Why power outages break your usual notification stack

Most workplace alerting depends on infrastructure that lives inside the building you're trying to evacuate or shelter in. When utility power drops, on-premise notification servers run on battery for minutes, not hours. VoIP desk phones go silent the moment switches lose power. PA systems, ceiling speakers, and digital signs follow soon after. Even your incident commander's laptop is on a clock once the UPS hum stops.

Outages are also getting longer. The U.S. average customer experiences several hours of interruption a year, and major weather events routinely push that into days. Ready.gov's outage guidance reflects the same trend. Your communication plan has to assume the building will go quiet.

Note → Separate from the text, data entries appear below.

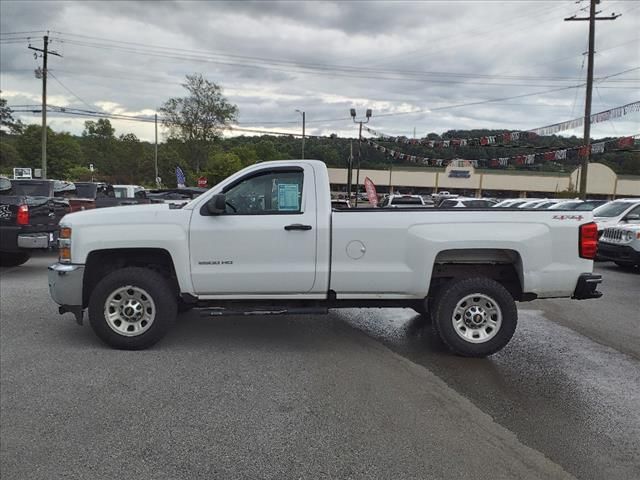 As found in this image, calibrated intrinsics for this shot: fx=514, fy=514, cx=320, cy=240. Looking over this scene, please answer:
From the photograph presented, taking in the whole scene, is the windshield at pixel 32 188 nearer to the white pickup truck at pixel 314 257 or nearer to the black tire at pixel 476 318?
the white pickup truck at pixel 314 257

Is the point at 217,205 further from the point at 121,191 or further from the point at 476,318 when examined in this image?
the point at 121,191

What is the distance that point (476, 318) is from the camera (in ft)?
17.6

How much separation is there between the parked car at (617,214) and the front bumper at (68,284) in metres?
12.0

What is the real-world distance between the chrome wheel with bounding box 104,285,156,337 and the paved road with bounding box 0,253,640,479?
10.8 inches

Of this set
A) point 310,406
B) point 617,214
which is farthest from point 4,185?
point 617,214

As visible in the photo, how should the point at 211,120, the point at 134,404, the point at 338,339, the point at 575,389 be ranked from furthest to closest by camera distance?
the point at 211,120, the point at 338,339, the point at 575,389, the point at 134,404

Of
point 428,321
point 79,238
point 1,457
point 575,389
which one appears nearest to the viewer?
point 1,457

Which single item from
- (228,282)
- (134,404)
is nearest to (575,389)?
(228,282)

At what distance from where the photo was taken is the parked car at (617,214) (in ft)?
43.5

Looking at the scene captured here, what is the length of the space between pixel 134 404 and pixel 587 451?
334cm

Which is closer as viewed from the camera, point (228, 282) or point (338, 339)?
point (228, 282)

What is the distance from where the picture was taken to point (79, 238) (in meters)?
5.31

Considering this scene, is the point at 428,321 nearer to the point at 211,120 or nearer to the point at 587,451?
the point at 587,451

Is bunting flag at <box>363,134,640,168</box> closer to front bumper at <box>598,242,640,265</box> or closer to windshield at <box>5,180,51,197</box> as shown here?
front bumper at <box>598,242,640,265</box> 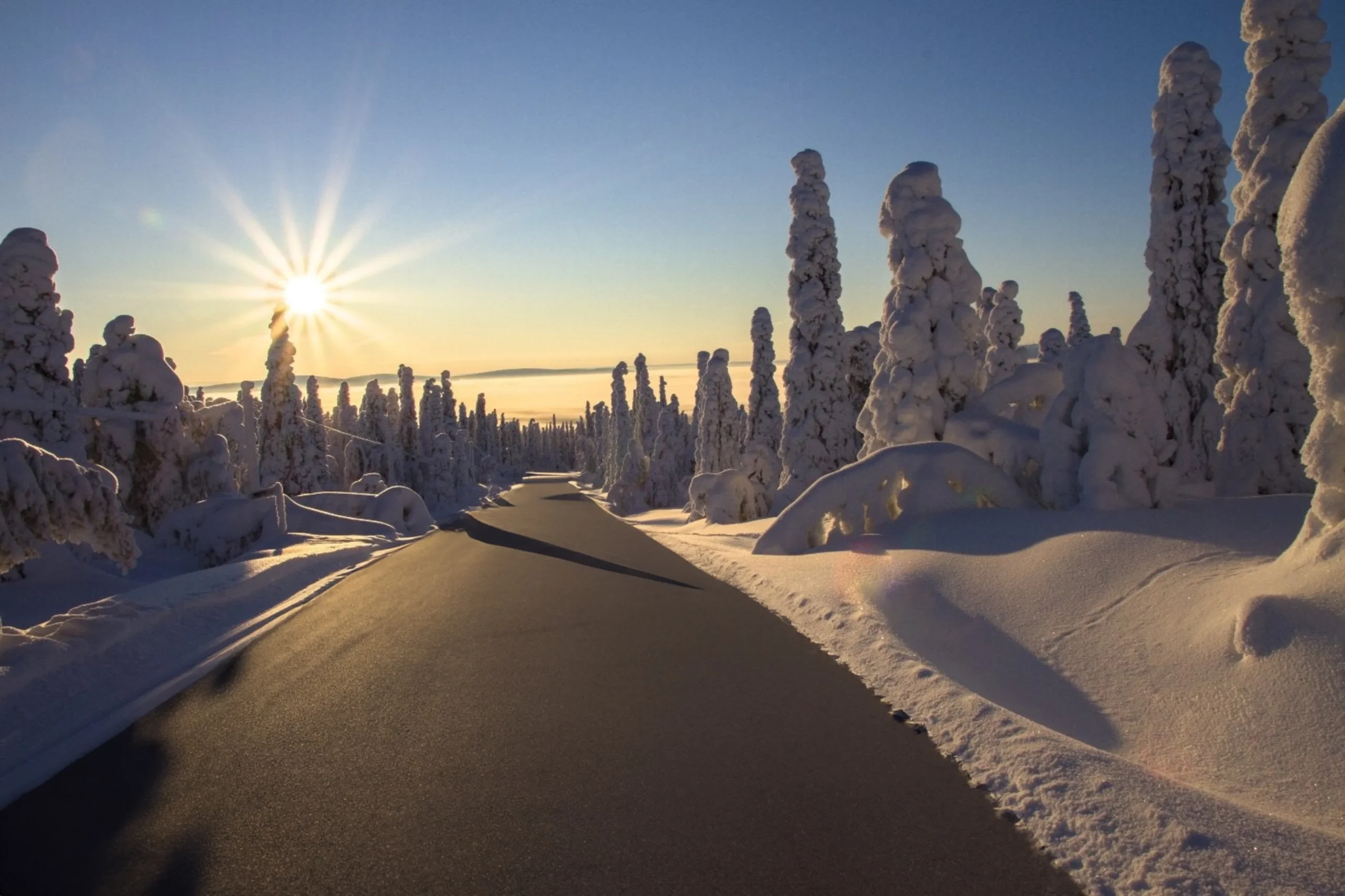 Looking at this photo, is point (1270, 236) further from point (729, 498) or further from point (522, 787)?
point (729, 498)

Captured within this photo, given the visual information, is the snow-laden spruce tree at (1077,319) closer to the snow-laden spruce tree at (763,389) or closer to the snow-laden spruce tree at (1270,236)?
the snow-laden spruce tree at (763,389)

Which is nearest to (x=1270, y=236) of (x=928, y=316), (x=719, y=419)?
(x=928, y=316)

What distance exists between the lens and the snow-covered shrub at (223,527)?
65.1 feet

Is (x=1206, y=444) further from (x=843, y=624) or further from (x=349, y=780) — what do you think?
(x=349, y=780)

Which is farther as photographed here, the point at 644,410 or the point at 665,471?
the point at 644,410

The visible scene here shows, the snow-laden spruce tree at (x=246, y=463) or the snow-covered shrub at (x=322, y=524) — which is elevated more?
the snow-laden spruce tree at (x=246, y=463)

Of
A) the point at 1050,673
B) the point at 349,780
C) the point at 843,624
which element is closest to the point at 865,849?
the point at 349,780

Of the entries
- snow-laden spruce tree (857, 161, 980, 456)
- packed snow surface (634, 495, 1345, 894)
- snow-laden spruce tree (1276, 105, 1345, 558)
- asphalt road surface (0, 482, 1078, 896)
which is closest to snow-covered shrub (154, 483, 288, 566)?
asphalt road surface (0, 482, 1078, 896)

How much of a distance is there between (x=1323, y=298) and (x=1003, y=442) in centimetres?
928

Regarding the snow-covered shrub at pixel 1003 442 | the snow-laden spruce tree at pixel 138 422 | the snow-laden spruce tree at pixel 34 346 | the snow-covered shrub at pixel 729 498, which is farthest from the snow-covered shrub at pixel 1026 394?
the snow-laden spruce tree at pixel 138 422

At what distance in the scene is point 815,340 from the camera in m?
28.3

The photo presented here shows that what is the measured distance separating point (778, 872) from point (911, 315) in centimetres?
1596

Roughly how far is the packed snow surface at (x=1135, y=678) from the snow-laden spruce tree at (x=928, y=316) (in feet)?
24.2

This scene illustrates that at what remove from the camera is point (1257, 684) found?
4883 mm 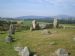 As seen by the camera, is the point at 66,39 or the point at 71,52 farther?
the point at 66,39

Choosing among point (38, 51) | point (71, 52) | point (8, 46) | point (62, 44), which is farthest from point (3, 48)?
point (71, 52)

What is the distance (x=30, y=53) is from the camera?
64.1 ft

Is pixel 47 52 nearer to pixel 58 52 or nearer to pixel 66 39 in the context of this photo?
pixel 58 52

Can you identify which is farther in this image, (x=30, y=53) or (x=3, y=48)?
(x=3, y=48)

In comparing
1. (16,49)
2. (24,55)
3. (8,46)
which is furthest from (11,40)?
(24,55)

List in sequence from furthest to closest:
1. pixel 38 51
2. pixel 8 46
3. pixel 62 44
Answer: pixel 8 46 < pixel 62 44 < pixel 38 51

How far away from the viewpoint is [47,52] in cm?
1997

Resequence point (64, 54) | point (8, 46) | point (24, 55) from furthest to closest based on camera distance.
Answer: point (8, 46) → point (24, 55) → point (64, 54)

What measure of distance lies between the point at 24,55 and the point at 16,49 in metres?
3.59

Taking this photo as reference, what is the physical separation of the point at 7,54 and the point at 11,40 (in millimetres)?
6913

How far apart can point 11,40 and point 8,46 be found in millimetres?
2850

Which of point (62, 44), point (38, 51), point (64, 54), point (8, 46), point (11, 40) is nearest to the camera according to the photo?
point (64, 54)

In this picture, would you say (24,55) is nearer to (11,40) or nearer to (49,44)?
(49,44)

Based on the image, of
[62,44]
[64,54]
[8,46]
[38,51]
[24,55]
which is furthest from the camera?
[8,46] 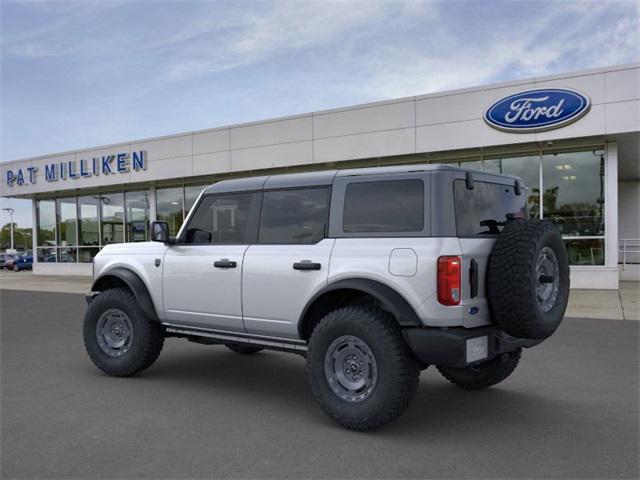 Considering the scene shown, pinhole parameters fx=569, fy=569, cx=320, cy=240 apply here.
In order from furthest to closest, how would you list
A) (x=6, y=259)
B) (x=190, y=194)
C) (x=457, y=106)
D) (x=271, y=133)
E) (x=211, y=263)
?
1. (x=6, y=259)
2. (x=190, y=194)
3. (x=271, y=133)
4. (x=457, y=106)
5. (x=211, y=263)

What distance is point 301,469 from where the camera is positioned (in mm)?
3617

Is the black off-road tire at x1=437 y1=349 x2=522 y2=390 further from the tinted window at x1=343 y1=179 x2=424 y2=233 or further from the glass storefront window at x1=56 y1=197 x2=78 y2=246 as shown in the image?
the glass storefront window at x1=56 y1=197 x2=78 y2=246

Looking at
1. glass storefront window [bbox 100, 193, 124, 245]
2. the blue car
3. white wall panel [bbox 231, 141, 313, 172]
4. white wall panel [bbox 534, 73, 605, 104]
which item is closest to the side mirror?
white wall panel [bbox 534, 73, 605, 104]

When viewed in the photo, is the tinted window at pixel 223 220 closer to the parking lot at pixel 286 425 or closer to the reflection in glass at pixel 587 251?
the parking lot at pixel 286 425

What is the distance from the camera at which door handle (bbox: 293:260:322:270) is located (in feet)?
15.3

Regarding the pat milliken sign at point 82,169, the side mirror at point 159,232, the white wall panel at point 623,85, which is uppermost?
the white wall panel at point 623,85

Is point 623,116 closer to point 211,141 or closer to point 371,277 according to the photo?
point 371,277

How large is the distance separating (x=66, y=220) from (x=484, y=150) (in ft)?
62.8

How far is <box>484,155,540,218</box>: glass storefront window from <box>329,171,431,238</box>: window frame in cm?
1118

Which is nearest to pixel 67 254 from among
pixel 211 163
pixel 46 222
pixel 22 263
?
pixel 46 222

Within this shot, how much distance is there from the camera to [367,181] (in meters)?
4.66

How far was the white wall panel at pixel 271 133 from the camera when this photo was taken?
57.2 feet

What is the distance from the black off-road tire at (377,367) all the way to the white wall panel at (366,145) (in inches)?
471

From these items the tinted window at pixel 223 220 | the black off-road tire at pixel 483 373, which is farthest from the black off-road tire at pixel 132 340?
the black off-road tire at pixel 483 373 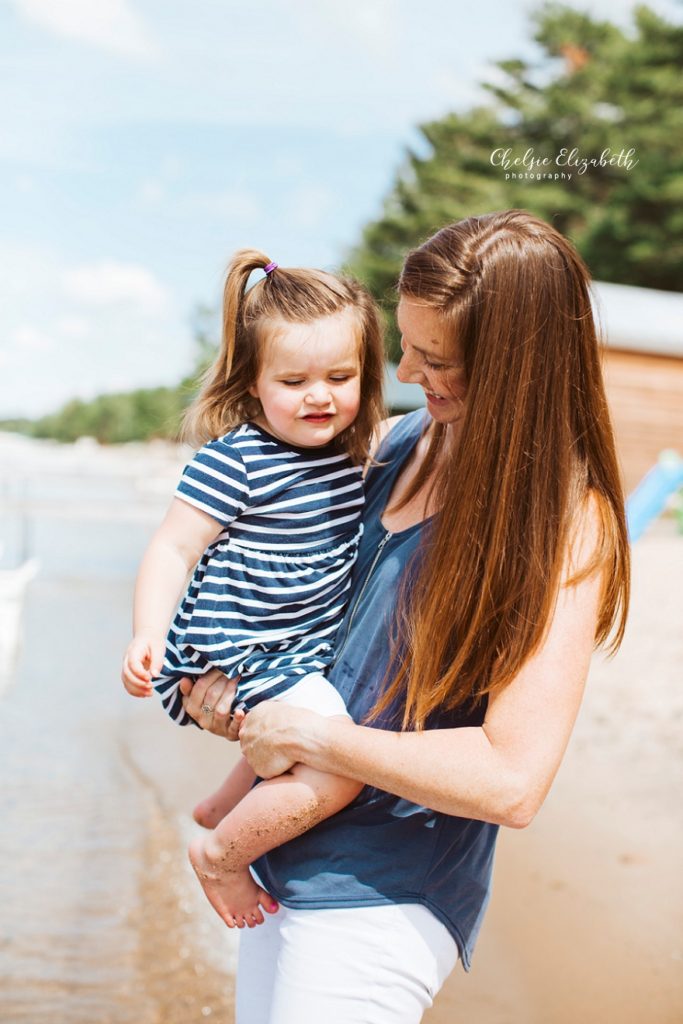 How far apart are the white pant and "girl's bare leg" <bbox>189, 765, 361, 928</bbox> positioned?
11 centimetres

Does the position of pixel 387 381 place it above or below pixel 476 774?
above

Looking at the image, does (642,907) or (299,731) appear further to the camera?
(642,907)

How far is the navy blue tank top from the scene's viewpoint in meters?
1.74

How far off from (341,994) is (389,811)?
283mm

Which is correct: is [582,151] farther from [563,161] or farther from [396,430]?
[396,430]

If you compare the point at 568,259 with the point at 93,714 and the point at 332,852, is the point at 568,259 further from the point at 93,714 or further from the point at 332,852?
the point at 93,714

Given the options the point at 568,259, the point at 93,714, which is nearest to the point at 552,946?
the point at 568,259

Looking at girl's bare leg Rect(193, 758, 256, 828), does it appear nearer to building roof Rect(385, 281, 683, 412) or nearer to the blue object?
the blue object

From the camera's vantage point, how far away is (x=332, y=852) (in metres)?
1.77

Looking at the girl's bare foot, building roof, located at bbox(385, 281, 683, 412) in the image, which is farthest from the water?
building roof, located at bbox(385, 281, 683, 412)

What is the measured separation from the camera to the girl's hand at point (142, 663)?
1.88 metres

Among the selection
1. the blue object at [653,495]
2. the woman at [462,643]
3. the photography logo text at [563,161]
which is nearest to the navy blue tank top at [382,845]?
the woman at [462,643]

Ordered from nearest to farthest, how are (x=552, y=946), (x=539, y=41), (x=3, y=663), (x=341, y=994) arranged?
(x=341, y=994) < (x=552, y=946) < (x=3, y=663) < (x=539, y=41)

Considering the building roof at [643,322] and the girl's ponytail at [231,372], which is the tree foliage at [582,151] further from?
the girl's ponytail at [231,372] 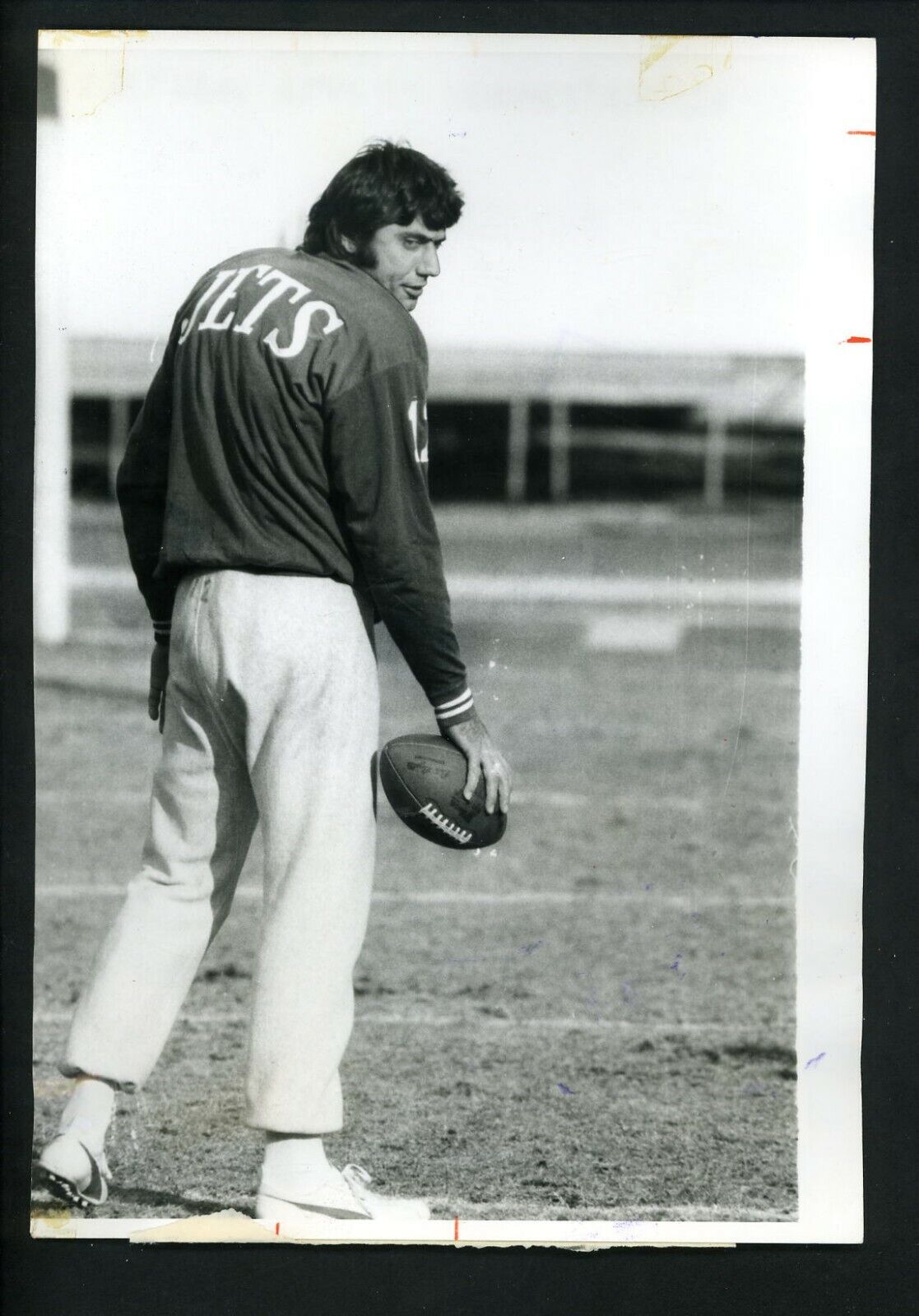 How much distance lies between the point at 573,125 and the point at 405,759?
51.0 inches

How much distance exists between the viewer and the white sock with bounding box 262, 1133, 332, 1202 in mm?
3502

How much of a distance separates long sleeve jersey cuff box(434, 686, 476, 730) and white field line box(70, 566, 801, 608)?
0.22 m

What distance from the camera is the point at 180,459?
350cm

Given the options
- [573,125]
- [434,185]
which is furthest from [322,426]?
[573,125]

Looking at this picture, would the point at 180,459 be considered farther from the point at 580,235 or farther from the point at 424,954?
the point at 424,954

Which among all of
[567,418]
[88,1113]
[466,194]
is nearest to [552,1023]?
[88,1113]

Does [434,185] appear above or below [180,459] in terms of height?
above

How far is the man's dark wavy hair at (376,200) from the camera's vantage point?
3.52m

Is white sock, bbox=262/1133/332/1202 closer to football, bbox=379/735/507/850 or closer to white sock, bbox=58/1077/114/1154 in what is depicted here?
white sock, bbox=58/1077/114/1154

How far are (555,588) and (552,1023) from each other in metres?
1.15

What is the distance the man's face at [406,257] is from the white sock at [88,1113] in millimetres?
1673

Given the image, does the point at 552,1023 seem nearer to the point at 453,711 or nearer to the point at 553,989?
the point at 553,989

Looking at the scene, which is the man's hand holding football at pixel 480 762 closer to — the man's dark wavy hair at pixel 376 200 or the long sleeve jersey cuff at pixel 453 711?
the long sleeve jersey cuff at pixel 453 711

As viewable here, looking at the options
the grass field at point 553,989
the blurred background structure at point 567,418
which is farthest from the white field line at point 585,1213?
the blurred background structure at point 567,418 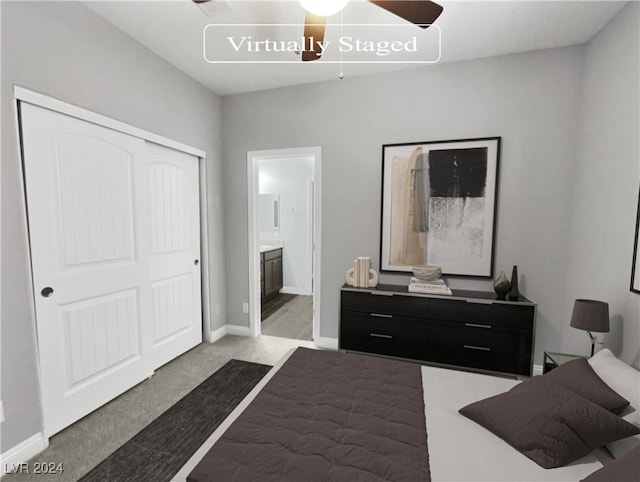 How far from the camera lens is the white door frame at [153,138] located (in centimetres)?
166

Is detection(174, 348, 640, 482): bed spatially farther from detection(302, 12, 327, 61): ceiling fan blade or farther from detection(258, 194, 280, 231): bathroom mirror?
detection(258, 194, 280, 231): bathroom mirror

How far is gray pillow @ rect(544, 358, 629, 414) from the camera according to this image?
116 cm

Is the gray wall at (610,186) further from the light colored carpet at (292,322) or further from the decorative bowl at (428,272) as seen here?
the light colored carpet at (292,322)

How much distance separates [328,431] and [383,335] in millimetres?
1521

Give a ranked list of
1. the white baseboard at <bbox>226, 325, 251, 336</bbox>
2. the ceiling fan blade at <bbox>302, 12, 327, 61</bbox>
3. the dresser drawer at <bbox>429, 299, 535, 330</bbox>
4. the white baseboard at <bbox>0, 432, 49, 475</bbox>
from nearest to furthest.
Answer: the ceiling fan blade at <bbox>302, 12, 327, 61</bbox> < the white baseboard at <bbox>0, 432, 49, 475</bbox> < the dresser drawer at <bbox>429, 299, 535, 330</bbox> < the white baseboard at <bbox>226, 325, 251, 336</bbox>

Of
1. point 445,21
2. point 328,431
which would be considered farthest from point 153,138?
point 328,431

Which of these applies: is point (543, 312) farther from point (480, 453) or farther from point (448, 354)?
point (480, 453)

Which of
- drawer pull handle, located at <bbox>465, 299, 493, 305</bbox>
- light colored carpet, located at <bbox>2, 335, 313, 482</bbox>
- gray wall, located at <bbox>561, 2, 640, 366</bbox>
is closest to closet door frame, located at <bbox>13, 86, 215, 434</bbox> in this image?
light colored carpet, located at <bbox>2, 335, 313, 482</bbox>

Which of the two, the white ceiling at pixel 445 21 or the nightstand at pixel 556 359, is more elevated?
the white ceiling at pixel 445 21

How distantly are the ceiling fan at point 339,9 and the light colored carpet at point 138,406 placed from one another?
2.55 metres

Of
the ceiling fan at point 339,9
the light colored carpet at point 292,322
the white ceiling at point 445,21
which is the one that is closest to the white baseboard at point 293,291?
the light colored carpet at point 292,322

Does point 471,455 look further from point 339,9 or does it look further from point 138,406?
point 138,406

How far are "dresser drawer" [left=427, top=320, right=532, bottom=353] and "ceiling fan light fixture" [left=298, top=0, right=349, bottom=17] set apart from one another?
7.47 feet

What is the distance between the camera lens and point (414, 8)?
1359 mm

The 30-second rule for outage employee notification

The first message sets the tone. If staff don't hear from leadership inside 30 seconds of the lights dropping, they will fill the silence with rumor, social media, or a walk to the parking lot. A good outage employee notification does three things in one short message:

  • Confirms what's happening (power is out at the main office).
  • Directs the next action (stay at your workstation, evacuate to the south lot, work from home).
  • Promises a follow-up time (next update in 15 minutes).
 
Tip. Pre-write three template messages — outage confirmed, working remotely, all clear — and store them where your on-call lead can send them from a phone, not a desktop.

Build a power outage communication plan in five steps

  1. Inventory the channels that depend on grid power. Desk phones, badge readers, PA, signage, on-prem alert servers — anything plugged into the wall is a single point of failure.
  2. Map every employee to a personal mobile number. SMS and push travel over carrier networks, which usually outlast a building outage.
  3. Define the trigger. Decide who can declare an outage event and authorize the first message. Don't wait for a committee.
  4. Pre-stage messages. Drafting a calm, clear update by candlelight is hard. Templates remove that pressure.
  5. Set a cadence. Every 15 minutes for the first hour, then every 30. Silence reads as panic.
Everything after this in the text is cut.